Your task
Please restate the listing word for word, omitting the images.

Data excerpt
------------------------

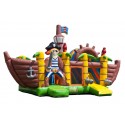 Bouncy castle Pirate boat
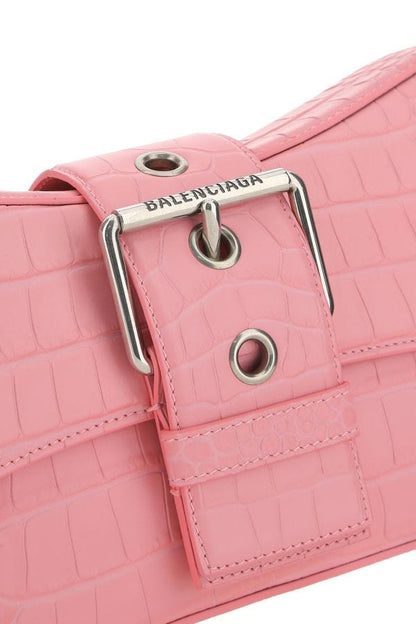 BALENCIAGA | Pink leather Lindsay M shoulder bag
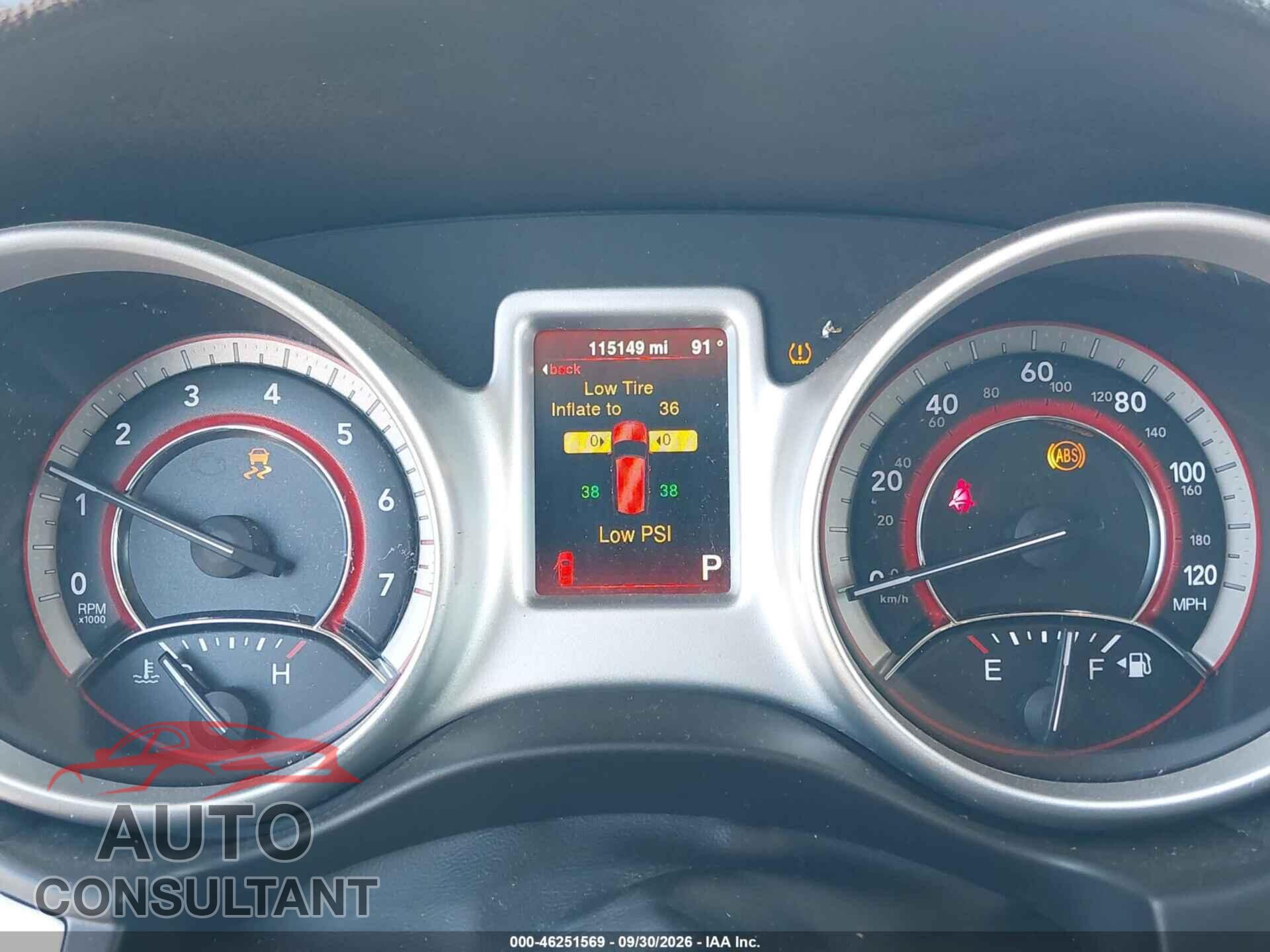 DODGE JOURNEY 2015 - 3C4PDCBG2FT564436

------------------------

Solution for this exercise
 Bouncy castle Pirate boat
 BALENCIAGA | Pink leather Lindsay M shoulder bag
 DODGE JOURNEY 2015 - 3C4PDCBG2FT564436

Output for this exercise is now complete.